Rats were treated with dimethylnitrosamine for 3 weeks, and they all had severe cirrhosis. After partial hepatectomy (10%), we injected adenovirus expressing bacterial beta-galactosidase (AdLacZ), adenovirus expressing a truncated type II TGF-beta receptor (AdTbetaTR), adenovirus expressing hepatocyte growth factor (AdHGF), or AdTbetaTR + AdHGF into the portal vein, which was followed by an additional 2-week dimethylnitrosamine treatment.
On histologic examination, fibrotic tissue had decreased in the livers of the AdTbetaTR + AdHGF-treated rats compared with rats that were treated by AdLacZ, AdTbetaTR alone, and AdHGF alone. Liver function, which included serum levels of alanine aminotransferase, improved significantly in AdTbetaTR + AdHGF-treated rats compared with all other groups. The number of hepatocytes that were positive for proliferating-cell nuclear antigen was greater (P < .05) in AdHGF alone and AdTbetaTR + AdHGF-treated rat livers than in AdLacZ- and AdTbetaTR-treated rats. All AdTbetaTR + AdHGF-treated rats survived >60 days, and AdTbetaTR + AdHGF treatment markedly improved the survival rate after a partial hepatectomy.
Our results suggest that the combination of HGF and TbetaTR gene therapy may increase the possibility of hepatectomy in a cirrhotic liver by improving fibrosis, hepatic function, and hepatocyte regeneration.

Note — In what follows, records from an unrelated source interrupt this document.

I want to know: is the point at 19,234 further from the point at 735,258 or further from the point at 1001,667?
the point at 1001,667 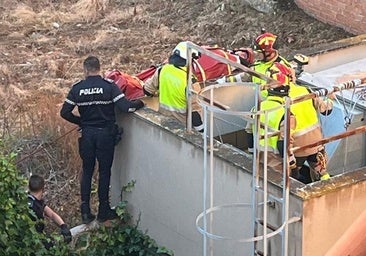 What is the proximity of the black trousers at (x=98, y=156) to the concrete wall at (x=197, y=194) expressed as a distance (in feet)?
0.63

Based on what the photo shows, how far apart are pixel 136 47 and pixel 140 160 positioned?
8106 mm

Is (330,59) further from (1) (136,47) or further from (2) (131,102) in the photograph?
(1) (136,47)

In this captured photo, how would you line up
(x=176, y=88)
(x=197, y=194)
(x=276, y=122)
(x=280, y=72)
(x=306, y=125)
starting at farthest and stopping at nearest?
(x=280, y=72)
(x=176, y=88)
(x=197, y=194)
(x=306, y=125)
(x=276, y=122)

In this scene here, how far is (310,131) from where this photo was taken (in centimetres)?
732

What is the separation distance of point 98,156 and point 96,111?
1.54ft

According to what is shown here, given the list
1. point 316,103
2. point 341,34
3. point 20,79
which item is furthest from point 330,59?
point 20,79

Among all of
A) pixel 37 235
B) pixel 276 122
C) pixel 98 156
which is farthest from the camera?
pixel 98 156

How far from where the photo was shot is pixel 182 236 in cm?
793

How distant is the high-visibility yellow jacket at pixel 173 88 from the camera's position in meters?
8.05

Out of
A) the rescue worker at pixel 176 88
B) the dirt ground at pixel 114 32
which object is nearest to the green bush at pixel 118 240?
the rescue worker at pixel 176 88

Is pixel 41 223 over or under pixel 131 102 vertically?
under

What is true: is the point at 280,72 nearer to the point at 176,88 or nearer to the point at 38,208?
the point at 176,88

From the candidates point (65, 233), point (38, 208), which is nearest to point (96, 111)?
point (38, 208)

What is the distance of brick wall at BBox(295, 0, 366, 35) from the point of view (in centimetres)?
1459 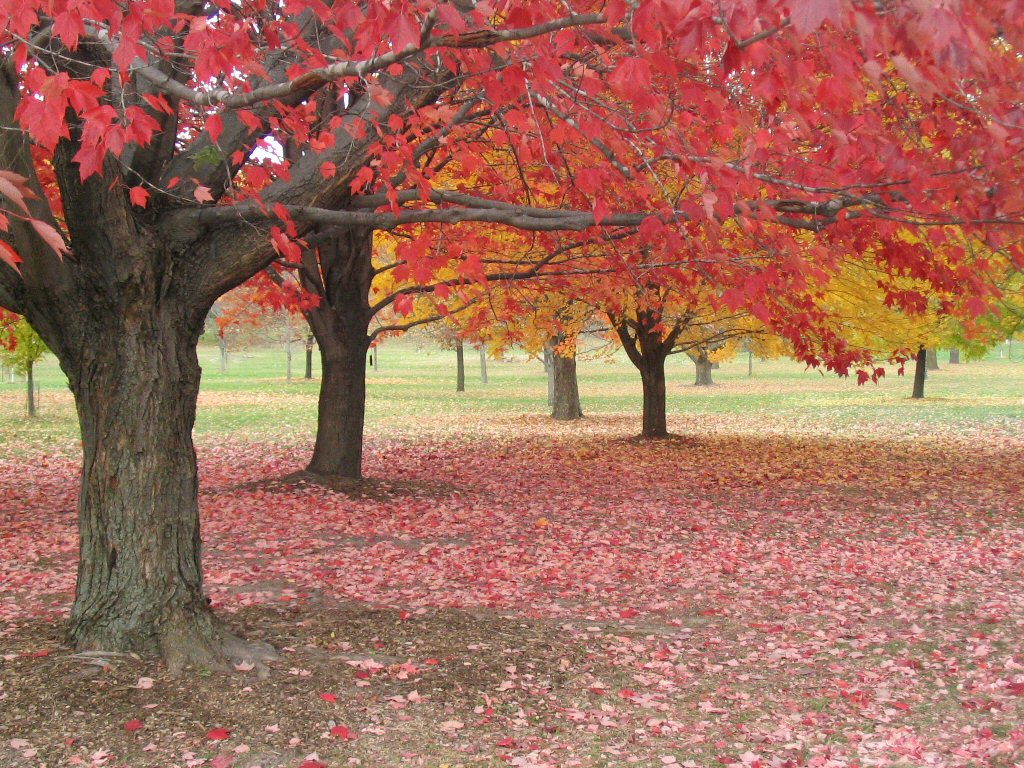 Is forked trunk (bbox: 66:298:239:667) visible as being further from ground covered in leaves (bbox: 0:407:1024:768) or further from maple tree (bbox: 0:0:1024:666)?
ground covered in leaves (bbox: 0:407:1024:768)

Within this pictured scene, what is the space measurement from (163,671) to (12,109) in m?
3.20

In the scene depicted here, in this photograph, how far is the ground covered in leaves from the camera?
165 inches

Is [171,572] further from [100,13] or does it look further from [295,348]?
[295,348]

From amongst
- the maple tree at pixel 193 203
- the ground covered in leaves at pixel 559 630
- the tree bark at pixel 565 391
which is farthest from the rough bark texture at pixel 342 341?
the tree bark at pixel 565 391

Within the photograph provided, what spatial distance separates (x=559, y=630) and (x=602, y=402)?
3004cm

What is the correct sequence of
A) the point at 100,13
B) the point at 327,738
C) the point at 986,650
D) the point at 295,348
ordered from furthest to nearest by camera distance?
the point at 295,348 < the point at 986,650 < the point at 327,738 < the point at 100,13

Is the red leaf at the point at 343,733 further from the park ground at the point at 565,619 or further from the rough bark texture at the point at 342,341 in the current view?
the rough bark texture at the point at 342,341

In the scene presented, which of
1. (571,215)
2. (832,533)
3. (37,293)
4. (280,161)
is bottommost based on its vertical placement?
(832,533)

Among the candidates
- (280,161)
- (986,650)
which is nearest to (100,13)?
(280,161)

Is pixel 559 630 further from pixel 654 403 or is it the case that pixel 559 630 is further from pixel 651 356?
pixel 654 403

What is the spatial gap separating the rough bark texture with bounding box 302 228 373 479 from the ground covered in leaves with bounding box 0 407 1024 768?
64 centimetres

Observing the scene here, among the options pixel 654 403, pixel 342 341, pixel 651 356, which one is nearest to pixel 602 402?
pixel 654 403

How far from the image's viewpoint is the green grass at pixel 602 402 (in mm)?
24219

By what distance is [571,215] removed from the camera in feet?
16.4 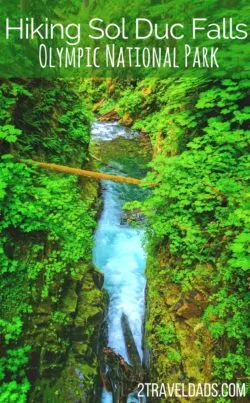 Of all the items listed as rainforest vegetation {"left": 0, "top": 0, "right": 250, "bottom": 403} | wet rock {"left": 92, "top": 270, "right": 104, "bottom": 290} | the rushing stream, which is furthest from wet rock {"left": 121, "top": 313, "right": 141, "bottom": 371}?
wet rock {"left": 92, "top": 270, "right": 104, "bottom": 290}

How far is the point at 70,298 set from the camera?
6129mm

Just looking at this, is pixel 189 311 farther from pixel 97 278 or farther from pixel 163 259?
pixel 97 278

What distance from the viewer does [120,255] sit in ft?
32.9

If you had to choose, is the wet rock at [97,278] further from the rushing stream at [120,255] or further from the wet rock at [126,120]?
the wet rock at [126,120]

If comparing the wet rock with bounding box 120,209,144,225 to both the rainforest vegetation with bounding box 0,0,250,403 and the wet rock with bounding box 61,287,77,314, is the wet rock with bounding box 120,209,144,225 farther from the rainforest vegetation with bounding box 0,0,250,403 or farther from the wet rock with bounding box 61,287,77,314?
the wet rock with bounding box 61,287,77,314

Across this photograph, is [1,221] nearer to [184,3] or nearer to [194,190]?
[194,190]

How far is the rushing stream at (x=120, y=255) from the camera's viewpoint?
8.04 meters

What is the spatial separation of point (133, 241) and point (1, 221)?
6.11m

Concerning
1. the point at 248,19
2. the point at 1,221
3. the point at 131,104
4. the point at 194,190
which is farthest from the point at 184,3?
the point at 131,104

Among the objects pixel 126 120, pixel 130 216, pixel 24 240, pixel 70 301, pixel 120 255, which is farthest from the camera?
pixel 126 120

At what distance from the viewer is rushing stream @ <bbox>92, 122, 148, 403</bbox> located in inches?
316

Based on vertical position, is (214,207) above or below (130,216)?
below

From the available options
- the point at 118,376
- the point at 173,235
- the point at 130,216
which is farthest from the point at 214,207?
the point at 130,216

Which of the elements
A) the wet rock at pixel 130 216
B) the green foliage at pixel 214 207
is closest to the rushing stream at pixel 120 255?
the wet rock at pixel 130 216
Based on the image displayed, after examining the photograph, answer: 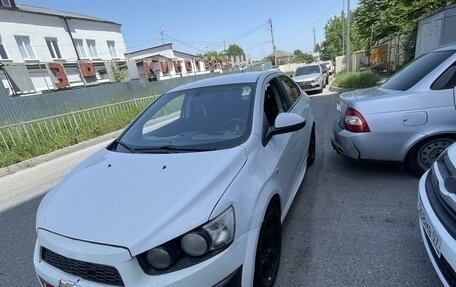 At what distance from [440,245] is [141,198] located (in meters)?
1.78

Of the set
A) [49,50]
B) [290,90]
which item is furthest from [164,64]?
[290,90]

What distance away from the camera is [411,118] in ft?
10.9

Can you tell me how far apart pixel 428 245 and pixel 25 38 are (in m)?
25.1

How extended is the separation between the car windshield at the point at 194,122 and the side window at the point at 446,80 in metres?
2.15

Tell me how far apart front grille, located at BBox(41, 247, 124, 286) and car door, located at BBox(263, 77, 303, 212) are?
136 cm

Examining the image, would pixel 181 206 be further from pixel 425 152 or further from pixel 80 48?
pixel 80 48

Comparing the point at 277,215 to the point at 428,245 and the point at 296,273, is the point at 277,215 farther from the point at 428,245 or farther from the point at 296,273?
the point at 428,245

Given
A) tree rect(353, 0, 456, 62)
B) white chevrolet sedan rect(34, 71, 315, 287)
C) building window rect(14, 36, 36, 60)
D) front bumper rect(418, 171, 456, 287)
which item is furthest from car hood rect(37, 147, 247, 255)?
building window rect(14, 36, 36, 60)

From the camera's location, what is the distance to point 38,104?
12.3 meters

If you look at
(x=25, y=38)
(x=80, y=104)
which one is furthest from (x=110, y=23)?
(x=80, y=104)

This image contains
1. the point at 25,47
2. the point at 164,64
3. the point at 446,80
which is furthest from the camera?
the point at 164,64

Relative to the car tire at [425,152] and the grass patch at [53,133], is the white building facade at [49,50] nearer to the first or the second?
the grass patch at [53,133]

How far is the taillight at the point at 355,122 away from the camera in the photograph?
351 cm

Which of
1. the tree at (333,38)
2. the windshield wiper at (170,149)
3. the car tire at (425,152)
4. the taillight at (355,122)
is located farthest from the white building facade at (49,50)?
the tree at (333,38) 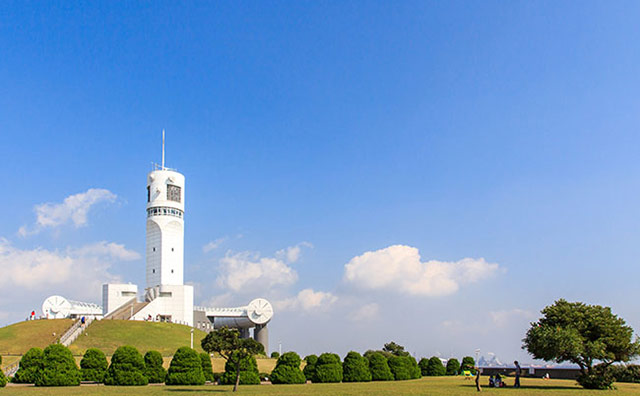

在肝硬化肝脏中,再生能力和特定功能受损;肝切除会增加术后肝衰竭的可能性。肝细胞生长因子(HGF)可刺激肝脏再生,加速肝功能恢复,并改善纤维化。截短的II型转化生长因子-β受体(TbetaTR)作为显性负性受体特异性抑制TGF-β信号传导,似乎可阻止肝纤维化进展。我们证明了腺病毒介导的HGF和TbetaTR基因转导在肝硬化部分肝切除术后的治疗效果。
用二甲基亚硝胺处理大鼠3周,使其均患有严重肝硬化。在部分肝切除(10%)后,我们将表达细菌β-半乳糖苷酶的腺病毒(AdLacZ)、表达截短的II型TGF-β受体的腺病毒(AdTbetaTR)、表达肝细胞生长因子的腺病毒(AdHGF)或AdTbetaTR + AdHGF注入门静脉,随后再用二甲基亚硝胺处理2周。
组织学检查显示,与单独接受AdLacZ、AdTbetaTR和AdHGF处理的大鼠相比,AdTbetaTR + AdHGF处理的大鼠肝脏纤维化组织减少。与所有其他组相比,AdTbetaTR + AdHGF处理的大鼠肝功能(包括血清丙氨酸转氨酶水平)显著改善。单独使用AdHGF和AdTbetaTR + AdHGF处理的大鼠肝脏中增殖细胞核抗原阳性的肝细胞数量比AdLacZ和AdTbetaTR处理的大鼠更多(P <.05)。所有接受AdTbetaTR + AdHGF处理的大鼠存活时间超过60天,AdTbetaTR + AdHGF处理显著提高了部分肝切除术后的存活率。
我们的结果表明,HGF和TbetaTR基因治疗联合应用可能通过改善纤维化、肝功能和肝细胞再生,增加肝硬化肝脏行肝切除术的可能性。